State visit to Serbia: feel-good program for Xi

As of: May 8, 2024 5:31 a.m

China’s state and party leader Xi is traveling to Serbia and Hungary. He doesn’t have to face any critical questions there, just a wealth of investment wishes. The timing of the trip is also no coincidence.

It is obvious: Xi Jinping is visiting friends in Belgrade. Because on the way from the airport to the Serbian capital, China’s state and party leader Xi Jinping has to pass Belgrade’s “West Gate”, a remarkably ugly high-rise building of Yugoslav brutalism in the 1980s. A huge red Chinese national flag covers the right wing of the two-part Genex Tower – with an oversized welcome greeting in Chinese. Genex, that was the state-owned Yugoslavian import-export company. That also fits.

Serbia and China share an “iron friendship,” according to both Beijing and Belgrade. The Serbian population already knows this; it has been part of the Serbian vocabulary at least since 2016. At that time, China invested heavily and directly in Serbia for the first time and bought the steelworks in Smederovo, saved it from bankruptcy and expanded it – 5,000 stable jobs for 8 years, as Vucic praises.

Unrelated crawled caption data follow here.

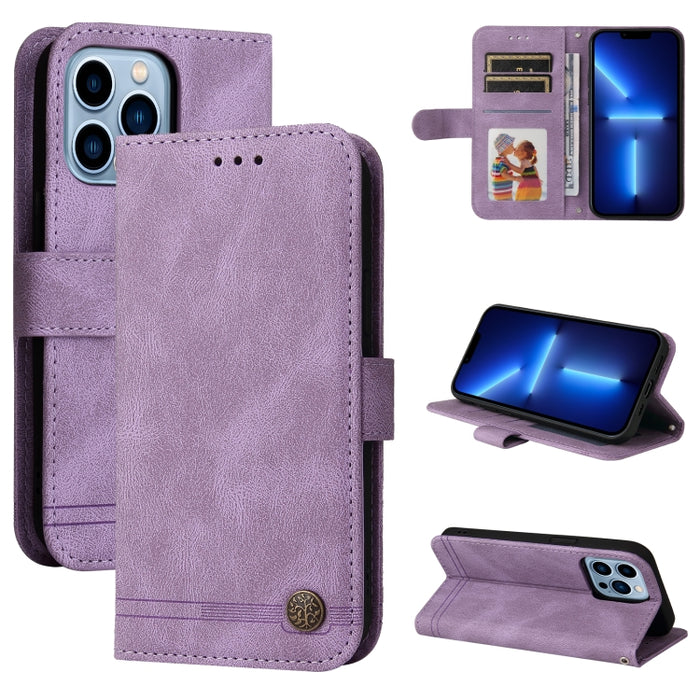 Skin Feel Life Tree Botón de metal Funda de cuero con tapa horizontal con soporte y ranura para tarjeta y billetera y marco de fotos y correa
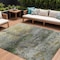 Homeroots 8' X 10' Olive Green Gold And Gray Abstract Washable Indoor Outdoor Area Rug 631452 - alternate 1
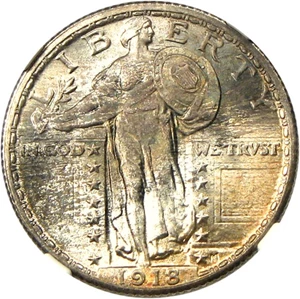 image for: 1918 25c NGC/CAC MS66 FH - Razor Sharp Strike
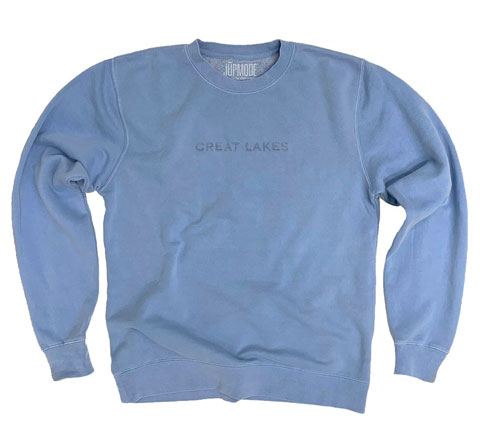 light blue, branded Great Lakes sweatshirt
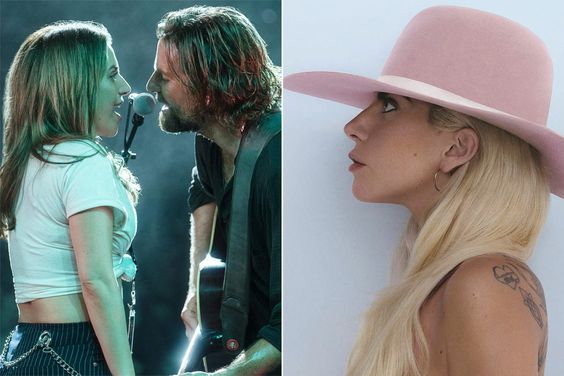 Lady Gaga and Bradley Cooper in 'A Star Is Born'; Lady Gaga's 'Joanne' album cover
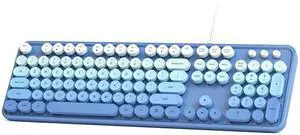 SQMD Wired Retro Keyboard, 104 Keys Full-Sized Typewriter Keyboards, Office Keyboard with Number Pad, Foldable Stands for Windows, PC, Laptop, Desktop (Blue Gradient) SQMD Wired Retro Keyboard, 104 Keys Full-Sized Typewriter Keyboards, Office Keyboard with Number Pad, Foldable Stands for Windows, PC, Laptop, Desktop (Blue Gradient)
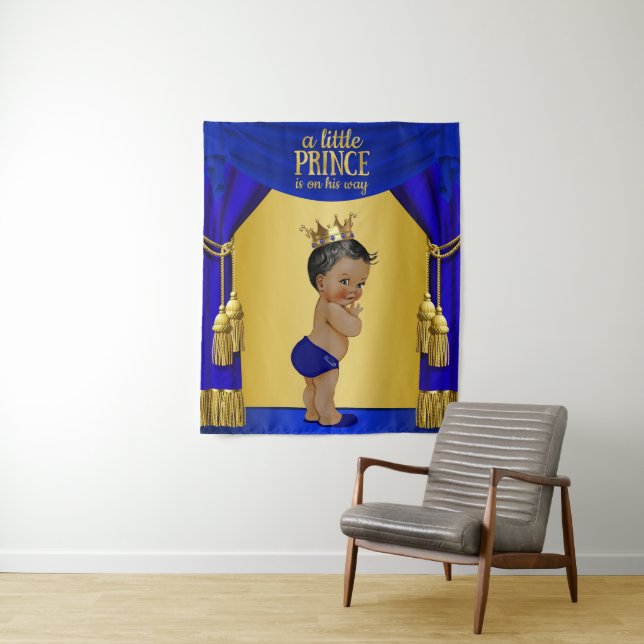 Ethnic Prince Baby Shower Banner Backdrop Tapestry (In Situ)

China is now Serbia’s second most important trading partner. According to Serbian President Aleksandar Vucic, the trade volume between the two countries was $6.1 billion in 2023. Serbia’s exports to China have also multiplied in recent years, he enthuses – from a manageable $6.4 million in 2012 to $1.2 billion a year 2023.

Ask for investments

But there is more, Vucic may think – and makes “three requests” to Xi Jinping on Serbian state television; three promising business areas in which China should invest in Serbia: Firstly, Serbia’s railway factories are being laboriously revived because the demand for trains on the European market is becoming ever greater, so that neither the German Siemens Group nor the Swiss Stadler Rail can deliver enough. But the Chinese could do that – preferably together with Serbia.

Second on Vucic’s wish list: China’s know-how in the areas of artificial intelligence and electromobility, for which Serbia could act as a construction site and place of operation for e-cars, e-taxis and air taxis. The friends from Beijing have already invested a lot in their neighbor Hungary. Then the rest from president to president, personally.

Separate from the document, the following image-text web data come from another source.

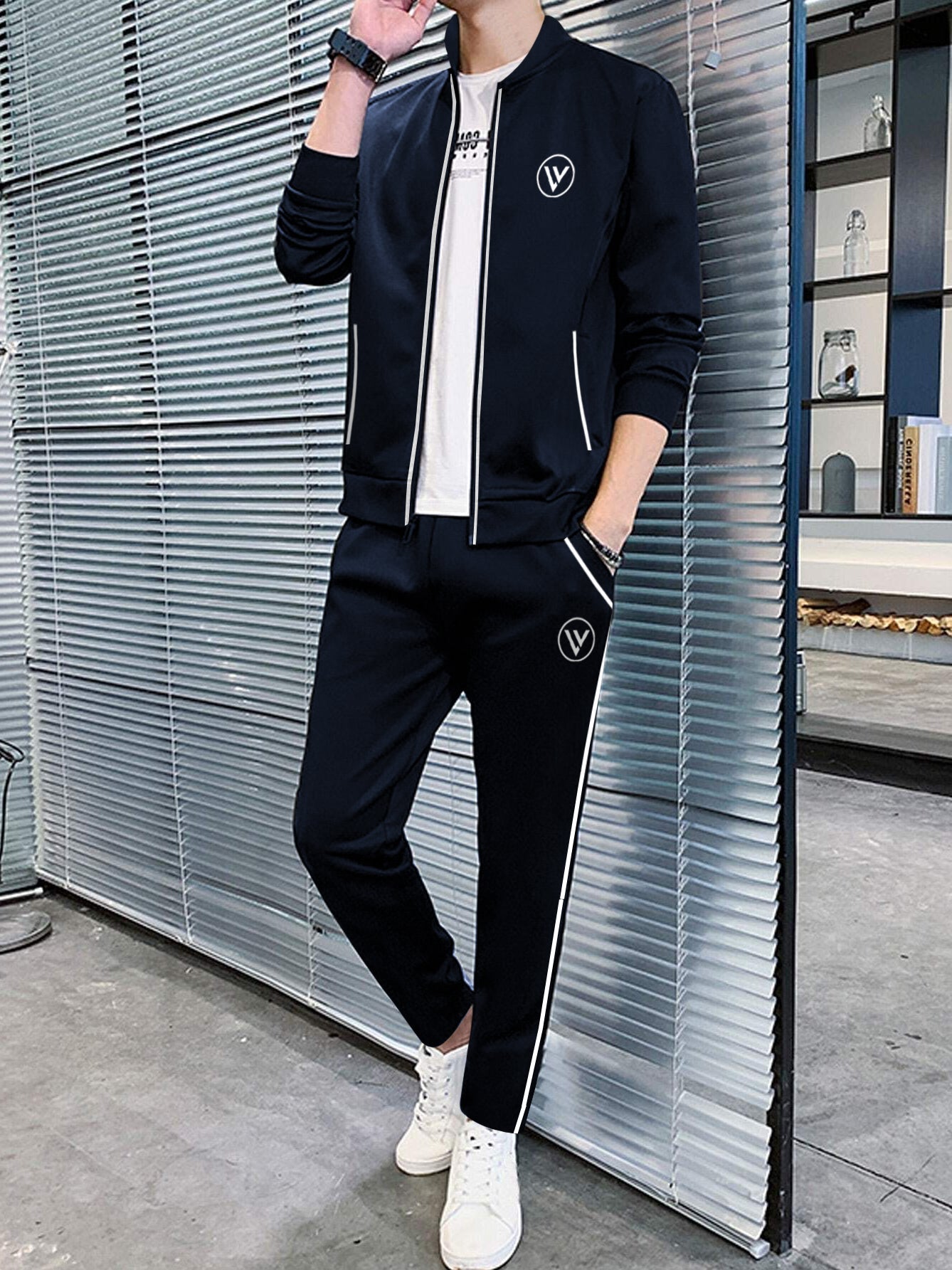 Louis Vicaci Fleece Zipper Tracksuit For Men-Dark Navy-BR830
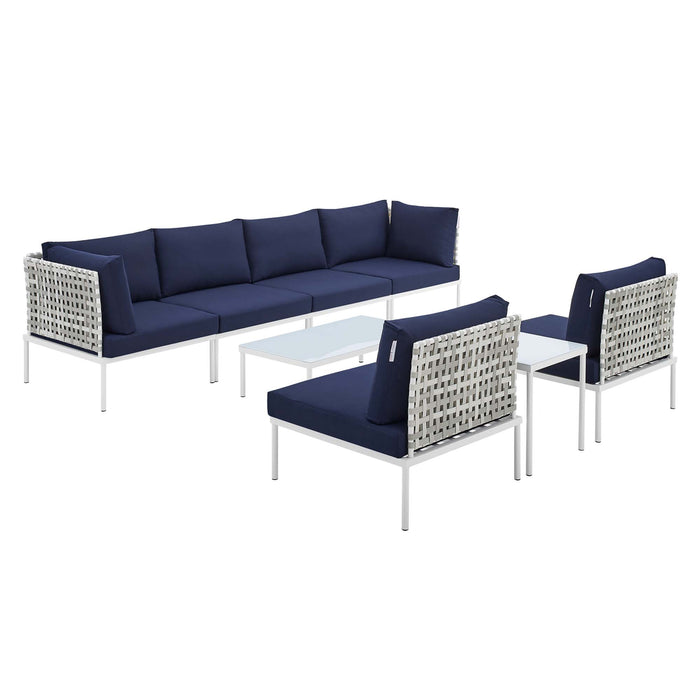 Harmony 8-Piece  Sunbrella® Basket Weave Outdoor Patio Aluminum Sectional Sofa Set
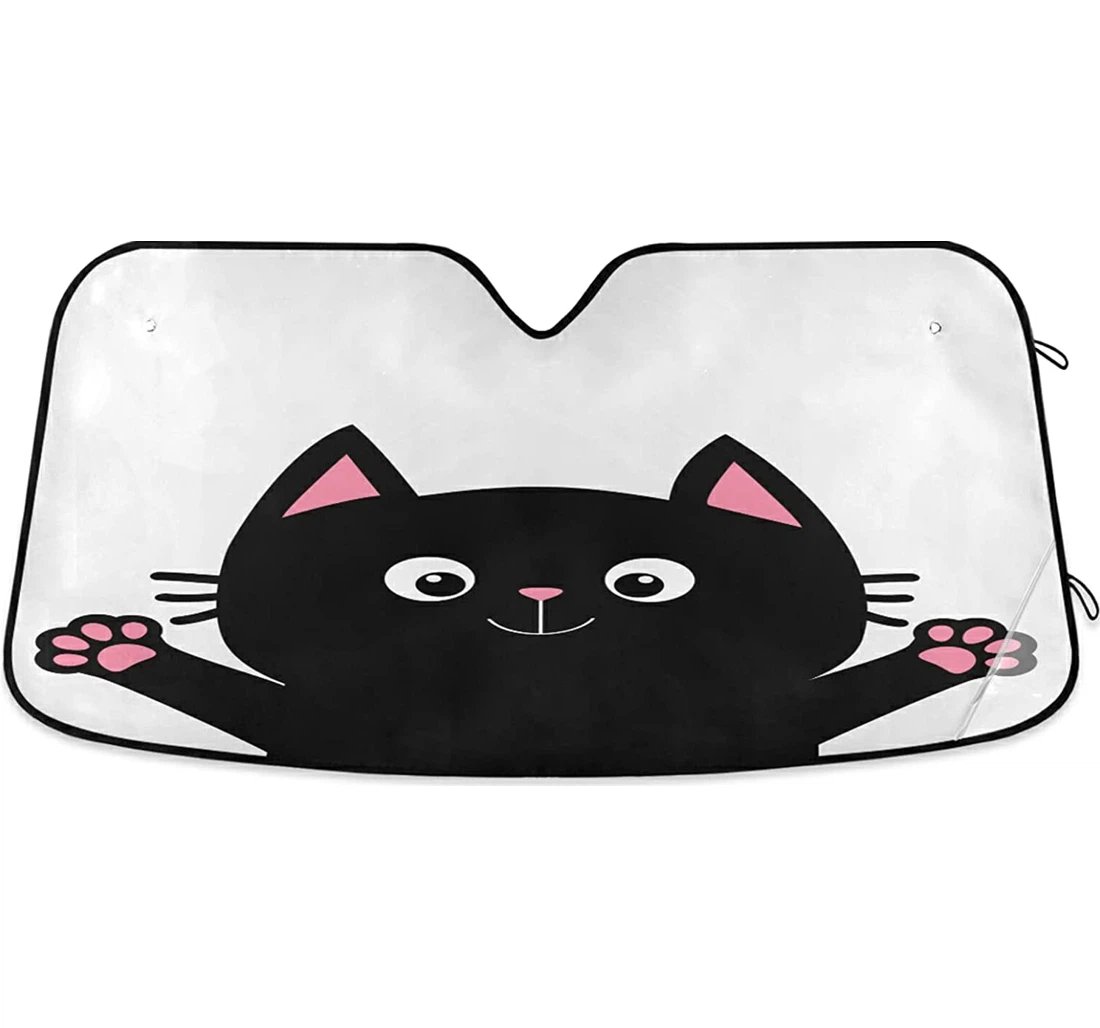 Cute Black Cat Pink Paws Auto Sun Shade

Aleksandar Vucic and Xi Jinping shaking hands in 2017: At that time, Serbia’s president visited Beijing.

Orban, the “panda hugger”

Xi comes from France, Hungary is only the last stop on his European trip, before that there is a stopover in Serbia. Both stops are more of a feel-good program at the end of the small European tour. Serbia is the largest of the Western Balkan countries, all of which would actually like to be EU members – Serbia has been a candidate for membership for 12 years. Hungary has been an EU member for 20 years, but under Prime Minister Viktor Orban maintains political friendships that irritate many EU partners.

Orban is considered a “panda hugger” in China, a loose description for friends of Beijing. Hungary, like Serbia, is part of the “New Silk Road”, China is building and investing in new trade routes and sales channels for its own economy. This includes motorways and an express railway line between Belgrade and Budapest.

The Orban government is also increasingly attracting Chinese car manufacturers: Hungary is intended to become a hotspot for the car industry in Europe and does not want to only be dependent on the large German car companies Audi, BMW and Daimler-Benz. “Maintain good relations with as many countries as possible,” is how Orban’s chief of staff Gergely Gulyás puts it in a friendly manner.

Commemoration of NATO bombing

Strategic partnerships, shuffled cards for political poker rounds. Serbian China expert Stefan Vladisavljev calls it “multi-vector foreign policy”: a balancing between West and East, Europe and Asia. Geopolitics with concessions, give and take.

Serbia signed a free trade agreement with China six months ago and it is due to come into force in July. “Taiwan is China, period,” says Vucic on Chinese state television, in line with those in power in Beijing. And in return, expects the same when it comes to Kosovo: a former Serbian province, an independent country since 2008 that is not recognized by Serbia – and of course not by China either.

But Xi is not just coming to Belgrade as a traveling salesman. Nobody believes it is a coincidence that he ends up in Belgrade exactly 25 years to the day after the bombing of the Chinese embassy in Belgrade. During the Kosovo War in 1999, NATO bombs dropped by US Air Force fighter bombers hit the embassy. Three Chinese journalists were killed.

The then US President Bill Clinton expressly apologized and NATO claimed that the bomb hits were an accident. China did not accept this apology. This will also be remembered during the state visit. “Fuck NATO” and “Fuck EU” are graffiti that are repeatedly noticed on house walls in Belgrade. Of course not at the “Genex Tower”.